Immigration processes have so altered national demographic patterns that most nation states today have plural populations representing distinctive ethnic backgrounds. In 1900, the population of the United States, for example, included only 13 per cent categorized as ethnic minority members. By 1990 that figure was greater than 25 per cent. The percentage is projected to be one-third in 2010, and by mid-century to reach an astonishing 50 per cent. In California, the largest American state, non-Hispanic white Americans are already in a minority.
Ethnic background has been shown empirically to influence epidemiological rates of disease, patterns of access to health care, help-seeking, and patient-doctor interactions, often with negative outcomes such as delayed treatment, misdiagnosis, non-compliance, and treatment failure. Taking ethnicity into account in the provision of services means a variety of things, such as making translators available, putting up signs in several languages, holding clinics at times when working-class patients can attend, and paying attention to differences in cultural meanings and practices. The now popular idea of providing culturally informed and sensitive care is premised on anthropological concepts and methods. Several of these have been elaborated in the literature.
1. The distinctions between illness and disease: for medical anthropologists illness is the patient's experience of symptoms in the context of family, work, and community; disease is the practitioner's model of the pathological process. Help-seeking is usually orientated around the illness experience with respect to what is most at stake for the patient and significant others. Care can founder when the patient's primary concerns with the illness experience conflicts with or is entirely different from the physician's focus on disease. Thus, many patients with chronic pain experience interrogation of the disease process by the sceptical physician as delegitimizing their illness experience. This leads to high rates of dissatisfaction with care among this group of patients. Many so-called 'orphan diseases'—chronic pain, chronic fatigue syndrome, etc.—produce this result. When patients and families are from ethnic minority backgrounds, differences in cultural meanings and practices intensify conflicts between patient and physician models.
2. Medical anthropology sponsors a method to reduce this explanatory gap and thereby to improve clinical relationships. Called the explanatory models' methodology, it involves three steps.
a. Elicitation of patient and family explanatory models of the illness experience and treatment, which can be accomplished by asking the following questions.
• What do you call your problem?
• What course will it take from here on?
• What do you most fear about the illness?

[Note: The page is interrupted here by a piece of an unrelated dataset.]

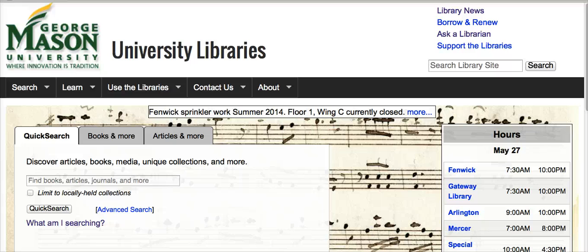Welcome to George Mason University Libraries. There are hundreds of databases in the University Library collection. This tutorial will show you how to choose the best databases for your research needs. This video is focused on selecting good databases for articles.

• What kind of treatment do you desire for this illness?
• What do you most fear about the treatment?
b. Presentation of the clinician's explanatory model of the disease process.
c. Negotiation of a mutually acceptable understanding of the clinical problem across patient, family, and physician models. (4)
Closely related to this technique is the development of a mini-ethnography. This is a brief description, based on interviewing the key parties about the impact of family and work context on the illness experience and vice versa. The mini-ethnography and the explanatory models' elicitation generally give rise to patient stories of the illness experience. These illness narratives can be assessed with respect to the chief meanings and practices associated with the condition and its treatment. The illness narrative can be interpreted with respect to core metaphors, culturally particular content, as well as biographical issues with which psychiatrists are more familiar. The influence of cultural categories, values and practices on the illness and treatment can be assessed from this standpoint. (5)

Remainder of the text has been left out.